• _YOUR OBJECTIVE_:
Would you output the entries below only from the line containing "Used 2023 Chevrolet" through the line containing "小镇姑娘加深帽沿显脸小鸭舌帽", exactly as they stand and with both ends included?

<<<<

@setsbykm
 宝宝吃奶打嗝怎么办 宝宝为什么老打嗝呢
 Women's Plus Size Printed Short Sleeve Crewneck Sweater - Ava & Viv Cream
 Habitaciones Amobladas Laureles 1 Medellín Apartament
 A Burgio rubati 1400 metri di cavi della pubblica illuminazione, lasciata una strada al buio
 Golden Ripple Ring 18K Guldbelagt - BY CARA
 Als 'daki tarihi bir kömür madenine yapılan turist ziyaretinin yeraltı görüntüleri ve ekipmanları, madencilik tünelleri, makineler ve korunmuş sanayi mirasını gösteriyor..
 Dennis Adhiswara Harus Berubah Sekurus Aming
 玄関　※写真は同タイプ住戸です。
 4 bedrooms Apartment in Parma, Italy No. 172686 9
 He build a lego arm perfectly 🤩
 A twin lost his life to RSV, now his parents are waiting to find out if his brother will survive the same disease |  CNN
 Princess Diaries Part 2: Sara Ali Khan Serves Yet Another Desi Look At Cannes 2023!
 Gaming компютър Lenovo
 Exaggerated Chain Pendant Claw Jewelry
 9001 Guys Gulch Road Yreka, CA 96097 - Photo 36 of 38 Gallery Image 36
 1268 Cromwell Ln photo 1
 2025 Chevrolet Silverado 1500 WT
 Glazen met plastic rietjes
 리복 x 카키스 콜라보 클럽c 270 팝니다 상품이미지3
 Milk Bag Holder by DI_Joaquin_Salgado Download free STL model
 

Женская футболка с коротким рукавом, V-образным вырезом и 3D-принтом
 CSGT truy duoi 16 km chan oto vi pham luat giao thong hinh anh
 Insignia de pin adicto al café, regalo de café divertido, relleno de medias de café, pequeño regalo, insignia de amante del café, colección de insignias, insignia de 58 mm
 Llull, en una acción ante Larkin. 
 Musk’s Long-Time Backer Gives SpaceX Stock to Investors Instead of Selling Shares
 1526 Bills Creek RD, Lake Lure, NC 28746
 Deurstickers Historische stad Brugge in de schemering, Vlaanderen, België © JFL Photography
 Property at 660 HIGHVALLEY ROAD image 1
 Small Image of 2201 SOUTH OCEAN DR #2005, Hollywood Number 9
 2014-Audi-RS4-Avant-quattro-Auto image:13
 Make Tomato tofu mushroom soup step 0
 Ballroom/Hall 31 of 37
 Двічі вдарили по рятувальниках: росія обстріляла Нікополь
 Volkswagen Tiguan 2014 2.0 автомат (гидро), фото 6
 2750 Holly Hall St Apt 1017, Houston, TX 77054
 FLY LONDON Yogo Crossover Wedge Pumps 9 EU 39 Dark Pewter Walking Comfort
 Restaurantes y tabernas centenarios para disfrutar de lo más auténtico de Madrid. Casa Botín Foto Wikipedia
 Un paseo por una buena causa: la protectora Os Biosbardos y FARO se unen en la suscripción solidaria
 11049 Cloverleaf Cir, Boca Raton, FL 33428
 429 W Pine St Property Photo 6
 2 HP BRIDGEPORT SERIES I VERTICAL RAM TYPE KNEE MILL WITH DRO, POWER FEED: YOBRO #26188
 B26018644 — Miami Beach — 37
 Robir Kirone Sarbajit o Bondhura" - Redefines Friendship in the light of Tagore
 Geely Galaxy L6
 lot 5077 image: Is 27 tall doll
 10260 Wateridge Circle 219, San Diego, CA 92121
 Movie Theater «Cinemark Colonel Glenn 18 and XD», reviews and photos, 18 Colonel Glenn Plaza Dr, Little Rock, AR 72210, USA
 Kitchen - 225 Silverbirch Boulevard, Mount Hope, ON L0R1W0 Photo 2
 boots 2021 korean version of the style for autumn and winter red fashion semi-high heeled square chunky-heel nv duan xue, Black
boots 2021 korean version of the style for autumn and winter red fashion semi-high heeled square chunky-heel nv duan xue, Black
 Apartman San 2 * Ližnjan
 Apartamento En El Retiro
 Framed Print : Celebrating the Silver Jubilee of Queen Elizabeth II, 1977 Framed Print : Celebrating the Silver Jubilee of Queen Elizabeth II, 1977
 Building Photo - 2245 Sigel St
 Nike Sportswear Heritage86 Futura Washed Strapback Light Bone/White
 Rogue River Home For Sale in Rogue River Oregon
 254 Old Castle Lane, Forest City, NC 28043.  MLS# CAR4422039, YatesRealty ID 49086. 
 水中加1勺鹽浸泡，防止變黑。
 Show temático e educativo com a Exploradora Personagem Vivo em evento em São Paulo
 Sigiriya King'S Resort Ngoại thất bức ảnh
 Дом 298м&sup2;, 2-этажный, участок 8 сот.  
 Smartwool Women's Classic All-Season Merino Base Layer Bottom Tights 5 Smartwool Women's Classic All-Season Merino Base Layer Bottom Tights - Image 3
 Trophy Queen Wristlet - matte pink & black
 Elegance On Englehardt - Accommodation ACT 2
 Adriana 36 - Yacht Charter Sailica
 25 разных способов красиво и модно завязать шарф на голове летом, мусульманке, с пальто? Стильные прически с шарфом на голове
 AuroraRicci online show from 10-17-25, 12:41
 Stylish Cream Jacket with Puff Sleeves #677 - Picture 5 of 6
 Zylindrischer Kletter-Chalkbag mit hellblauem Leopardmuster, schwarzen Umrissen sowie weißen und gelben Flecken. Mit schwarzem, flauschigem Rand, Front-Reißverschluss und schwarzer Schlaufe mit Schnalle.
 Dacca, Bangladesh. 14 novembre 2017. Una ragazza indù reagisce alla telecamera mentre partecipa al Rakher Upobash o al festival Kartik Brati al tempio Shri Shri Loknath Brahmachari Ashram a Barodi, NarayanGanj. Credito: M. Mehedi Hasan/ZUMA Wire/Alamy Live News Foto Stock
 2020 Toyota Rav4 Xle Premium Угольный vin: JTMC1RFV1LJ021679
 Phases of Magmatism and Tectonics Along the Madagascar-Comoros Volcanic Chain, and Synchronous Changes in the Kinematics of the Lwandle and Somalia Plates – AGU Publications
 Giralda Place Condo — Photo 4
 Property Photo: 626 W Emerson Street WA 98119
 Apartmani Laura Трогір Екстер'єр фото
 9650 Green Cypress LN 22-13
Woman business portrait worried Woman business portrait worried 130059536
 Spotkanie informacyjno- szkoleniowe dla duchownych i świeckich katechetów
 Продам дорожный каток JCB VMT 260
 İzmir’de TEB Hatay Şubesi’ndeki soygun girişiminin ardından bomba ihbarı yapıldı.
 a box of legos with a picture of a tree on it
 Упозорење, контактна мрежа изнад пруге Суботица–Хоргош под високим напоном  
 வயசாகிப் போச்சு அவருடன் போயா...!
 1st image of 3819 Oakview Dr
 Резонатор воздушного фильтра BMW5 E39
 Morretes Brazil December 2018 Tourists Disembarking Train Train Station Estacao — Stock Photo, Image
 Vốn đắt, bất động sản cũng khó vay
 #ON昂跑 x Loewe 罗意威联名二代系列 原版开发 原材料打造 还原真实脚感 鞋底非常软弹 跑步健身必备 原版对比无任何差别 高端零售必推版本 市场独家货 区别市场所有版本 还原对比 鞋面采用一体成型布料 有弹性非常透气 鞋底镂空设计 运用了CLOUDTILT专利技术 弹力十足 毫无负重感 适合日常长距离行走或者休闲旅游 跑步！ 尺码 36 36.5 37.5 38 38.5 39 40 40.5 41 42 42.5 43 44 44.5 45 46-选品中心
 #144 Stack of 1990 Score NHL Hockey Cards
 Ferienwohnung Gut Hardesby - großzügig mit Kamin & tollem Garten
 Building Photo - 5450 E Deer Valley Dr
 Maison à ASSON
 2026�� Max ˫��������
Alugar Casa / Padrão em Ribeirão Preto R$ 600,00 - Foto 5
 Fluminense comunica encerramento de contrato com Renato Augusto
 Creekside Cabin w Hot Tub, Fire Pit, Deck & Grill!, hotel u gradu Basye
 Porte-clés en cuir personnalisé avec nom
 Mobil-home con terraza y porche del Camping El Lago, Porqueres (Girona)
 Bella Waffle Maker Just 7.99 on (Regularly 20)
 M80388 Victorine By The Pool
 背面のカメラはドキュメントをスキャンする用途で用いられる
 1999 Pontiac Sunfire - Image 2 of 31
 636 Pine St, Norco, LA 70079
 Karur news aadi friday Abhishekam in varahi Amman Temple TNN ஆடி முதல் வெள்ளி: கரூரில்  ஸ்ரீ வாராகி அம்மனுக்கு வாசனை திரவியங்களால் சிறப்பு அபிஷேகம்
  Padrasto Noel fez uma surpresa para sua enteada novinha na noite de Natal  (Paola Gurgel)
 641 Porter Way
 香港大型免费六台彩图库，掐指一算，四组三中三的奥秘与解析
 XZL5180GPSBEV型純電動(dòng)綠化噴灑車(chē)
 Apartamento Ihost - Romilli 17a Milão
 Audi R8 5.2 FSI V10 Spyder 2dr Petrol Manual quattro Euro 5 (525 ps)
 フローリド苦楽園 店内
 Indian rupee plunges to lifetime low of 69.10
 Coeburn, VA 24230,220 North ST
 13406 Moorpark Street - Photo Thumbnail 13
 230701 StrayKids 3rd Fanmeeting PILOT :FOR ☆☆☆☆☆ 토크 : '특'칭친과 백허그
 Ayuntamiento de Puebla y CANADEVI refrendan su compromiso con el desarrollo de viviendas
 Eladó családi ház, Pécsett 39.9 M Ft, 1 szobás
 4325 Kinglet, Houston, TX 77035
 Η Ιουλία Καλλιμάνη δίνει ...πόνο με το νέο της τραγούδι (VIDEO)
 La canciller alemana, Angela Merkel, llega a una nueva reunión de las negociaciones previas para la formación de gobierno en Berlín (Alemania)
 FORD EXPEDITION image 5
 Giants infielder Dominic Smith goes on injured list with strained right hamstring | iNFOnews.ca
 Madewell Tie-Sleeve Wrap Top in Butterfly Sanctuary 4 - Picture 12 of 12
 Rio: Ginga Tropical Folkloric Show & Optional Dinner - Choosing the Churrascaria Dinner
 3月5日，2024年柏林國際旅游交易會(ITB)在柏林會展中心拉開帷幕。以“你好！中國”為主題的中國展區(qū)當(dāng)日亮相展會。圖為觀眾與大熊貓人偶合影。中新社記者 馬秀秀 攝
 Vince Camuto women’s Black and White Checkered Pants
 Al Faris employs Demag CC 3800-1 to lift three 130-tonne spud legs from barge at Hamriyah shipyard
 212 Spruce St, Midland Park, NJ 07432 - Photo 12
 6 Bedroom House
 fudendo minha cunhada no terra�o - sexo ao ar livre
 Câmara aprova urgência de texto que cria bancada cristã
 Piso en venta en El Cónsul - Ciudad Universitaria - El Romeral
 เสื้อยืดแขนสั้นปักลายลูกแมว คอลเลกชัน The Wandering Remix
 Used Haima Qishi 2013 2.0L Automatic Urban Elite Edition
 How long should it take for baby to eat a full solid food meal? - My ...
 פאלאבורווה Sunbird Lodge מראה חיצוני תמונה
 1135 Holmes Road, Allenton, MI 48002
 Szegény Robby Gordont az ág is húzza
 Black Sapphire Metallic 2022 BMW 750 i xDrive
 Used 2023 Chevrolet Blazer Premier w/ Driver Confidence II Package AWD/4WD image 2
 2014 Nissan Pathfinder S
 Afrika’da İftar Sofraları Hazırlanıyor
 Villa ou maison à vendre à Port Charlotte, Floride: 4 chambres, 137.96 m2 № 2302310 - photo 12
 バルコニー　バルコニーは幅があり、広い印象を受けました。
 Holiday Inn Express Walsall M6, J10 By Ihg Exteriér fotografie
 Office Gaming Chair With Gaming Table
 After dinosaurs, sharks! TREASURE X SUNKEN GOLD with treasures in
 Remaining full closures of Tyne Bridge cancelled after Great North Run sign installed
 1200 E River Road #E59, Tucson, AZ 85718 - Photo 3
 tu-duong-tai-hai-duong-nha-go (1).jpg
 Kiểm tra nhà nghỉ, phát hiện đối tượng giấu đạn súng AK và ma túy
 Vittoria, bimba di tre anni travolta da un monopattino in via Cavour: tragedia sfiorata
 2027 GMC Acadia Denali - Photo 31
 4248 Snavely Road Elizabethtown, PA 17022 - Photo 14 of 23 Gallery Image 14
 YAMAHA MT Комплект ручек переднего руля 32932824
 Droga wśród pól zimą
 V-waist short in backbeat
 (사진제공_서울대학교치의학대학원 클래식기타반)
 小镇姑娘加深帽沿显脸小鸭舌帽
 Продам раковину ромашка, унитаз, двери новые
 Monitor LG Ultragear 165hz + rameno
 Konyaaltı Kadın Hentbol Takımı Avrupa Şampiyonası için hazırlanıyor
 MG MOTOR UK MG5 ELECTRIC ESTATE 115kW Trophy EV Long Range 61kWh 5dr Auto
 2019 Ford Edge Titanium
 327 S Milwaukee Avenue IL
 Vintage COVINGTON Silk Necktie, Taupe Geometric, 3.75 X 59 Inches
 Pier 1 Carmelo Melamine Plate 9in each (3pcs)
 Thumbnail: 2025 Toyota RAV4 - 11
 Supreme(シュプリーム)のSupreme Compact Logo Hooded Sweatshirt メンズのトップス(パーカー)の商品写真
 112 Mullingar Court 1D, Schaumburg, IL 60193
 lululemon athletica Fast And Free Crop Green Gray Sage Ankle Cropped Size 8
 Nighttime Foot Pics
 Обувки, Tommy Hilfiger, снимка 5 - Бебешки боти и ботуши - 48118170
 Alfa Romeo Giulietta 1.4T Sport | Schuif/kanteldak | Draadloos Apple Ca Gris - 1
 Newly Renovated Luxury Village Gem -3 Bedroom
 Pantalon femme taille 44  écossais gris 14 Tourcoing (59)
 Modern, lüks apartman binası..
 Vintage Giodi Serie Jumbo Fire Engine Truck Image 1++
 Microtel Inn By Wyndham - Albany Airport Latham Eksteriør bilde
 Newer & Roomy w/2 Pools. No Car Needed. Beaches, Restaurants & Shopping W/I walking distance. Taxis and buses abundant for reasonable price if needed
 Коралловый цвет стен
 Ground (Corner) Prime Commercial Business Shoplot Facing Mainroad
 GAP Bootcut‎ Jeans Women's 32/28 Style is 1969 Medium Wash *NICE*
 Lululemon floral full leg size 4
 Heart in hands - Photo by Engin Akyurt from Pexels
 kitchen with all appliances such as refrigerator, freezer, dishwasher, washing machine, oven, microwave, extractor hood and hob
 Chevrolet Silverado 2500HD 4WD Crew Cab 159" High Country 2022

>>>>

• _RESULT OF THE TASK_:
 Used 2023 Chevrolet Blazer Premier w/ Driver Confidence II Package AWD/4WD image 2
 2014 Nissan Pathfinder S
 Afrika’da İftar Sofraları Hazırlanıyor
 Villa ou maison à vendre à Port Charlotte, Floride: 4 chambres, 137.96 m2 № 2302310 - photo 12
 バルコニー　バルコニーは幅があり、広い印象を受けました。
 Holiday Inn Express Walsall M6, J10 By Ihg Exteriér fotografie
 Office Gaming Chair With Gaming Table
 After dinosaurs, sharks! TREASURE X SUNKEN GOLD with treasures in
 Remaining full closures of Tyne Bridge cancelled after Great North Run sign installed
 1200 E River Road #E59, Tucson, AZ 85718 - Photo 3
 tu-duong-tai-hai-duong-nha-go (1).jpg
 Kiểm tra nhà nghỉ, phát hiện đối tượng giấu đạn súng AK và ma túy
 Vittoria, bimba di tre anni travolta da un monopattino in via Cavour: tragedia sfiorata
 2027 GMC Acadia Denali - Photo 31
 4248 Snavely Road Elizabethtown, PA 17022 - Photo 14 of 23 Gallery Image 14
 YAMAHA MT Комплект ручек переднего руля 32932824
 Droga wśród pól zimą
 V-waist short in backbeat
 (사진제공_서울대학교치의학대학원 클래식기타반)
 小镇姑娘加深帽沿显脸小鸭舌帽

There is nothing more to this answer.